Le Sutra Vimalakirti
Le Vimalakirti Sutra est une écriture bouddhiste très vénérée dans le bouddhisme Mahayana. C'est un discours entre le bodhisattva Vimalakirti et une variété d'autres personnages, dont le Bouddha lui-même. Le Sutra est réputé pour ses profondes intuitions philosophiques et son approche unique des enseignements du Bouddha.
Le Sutra est divisé en deux parties : la première partie est un dialogue entre Vimalakirti et les autres personnages, tandis que la seconde partie est une série d'enseignements donnés par le Bouddha. Le dialogue entre Vimalakirti et les autres personnages est rempli de profondes intuitions philosophiques, et les enseignements du Bouddha sont présentés de manière claire et concise.
Le Sutra est également connu pour son approche unique des enseignements du Bouddha. Il souligne l'importance de comprendre la vraie nature de la réalité et l'importance de cultiver la sagesse et la compassion.
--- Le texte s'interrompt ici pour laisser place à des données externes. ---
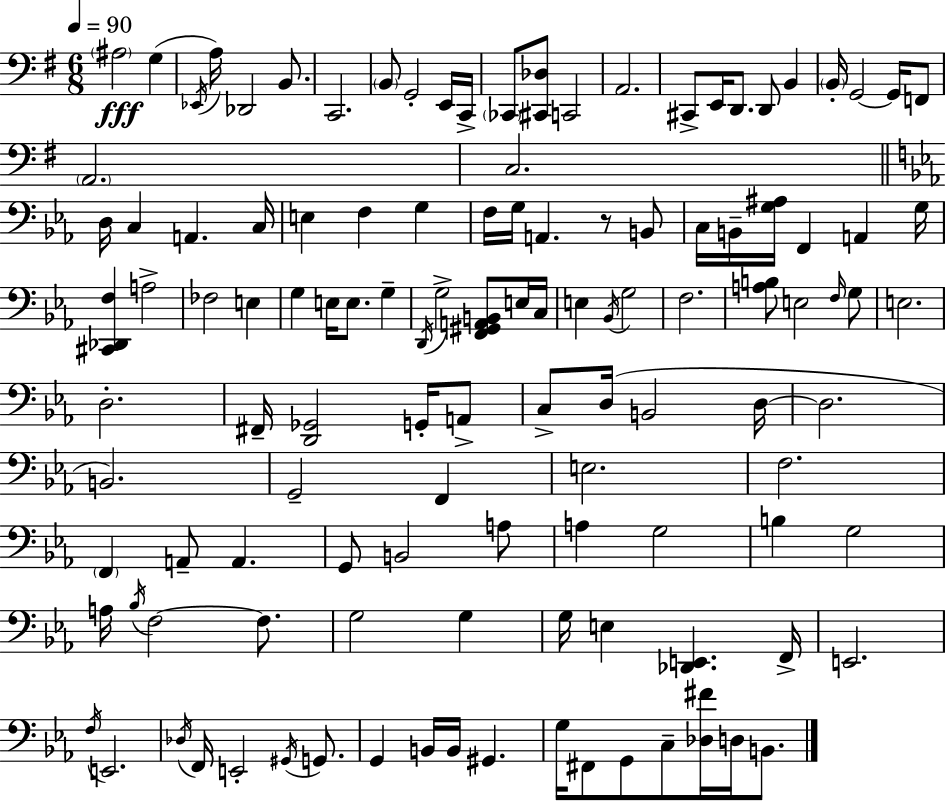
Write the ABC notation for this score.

X:1
T:Untitled
M:6/8
L:1/4
K:Em
^A,2 G, _E,,/4 A,/4 _D,,2 B,,/2 C,,2 B,,/2 G,,2 E,,/4 C,,/4 _C,,/2 [^C,,_D,]/2 C,,2 A,,2 ^C,,/2 E,,/4 D,,/2 D,,/2 B,, B,,/4 G,,2 G,,/4 F,,/2 A,,2 C,2 D,/4 C, A,, C,/4 E, F, G, F,/4 G,/4 A,, z/2 B,,/2 C,/4 B,,/4 [G,^A,]/4 F,, A,, G,/4 [^C,,_D,,F,] A,2 _F,2 E, G, E,/4 E,/2 G, D,,/4 G,2 [F,,^G,,A,,B,,]/2 E,/4 C,/4 E, _B,,/4 G,2 F,2 [A,B,]/2 E,2 F,/4 G,/2 E,2 D,2 ^F,,/4 [D,,_G,,]2 G,,/4 A,,/2 C,/2 D,/4 B,,2 D,/4 D,2 B,,2 G,,2 F,, E,2 F,2 F,, A,,/2 A,, G,,/2 B,,2 A,/2 A, G,2 B, G,2 A,/4 _B,/4 F,2 F,/2 G,2 G, G,/4 E, [_D,,E,,] F,,/4 E,,2 F,/4 E,,2 _D,/4 F,,/4 E,,2 ^G,,/4 G,,/2 G,, B,,/4 B,,/4 ^G,, G,/4 ^F,,/2 G,,/2 C,/2 [_D,^F]/4 D,/4 B,,/2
Il encourage également la pratique de la méditation et la culture de la pleine conscience.
Dans l'ensemble, le Vimalakirti Sutra est une excellente ressource pour quiconque souhaite en savoir plus sur le bouddhisme et ses enseignements. Il est rempli d'idées profondes et est écrit de manière claire et concise. C'est une lecture incontournable pour quiconque souhaite approfondir sa compréhension du bouddhisme et de ses enseignements.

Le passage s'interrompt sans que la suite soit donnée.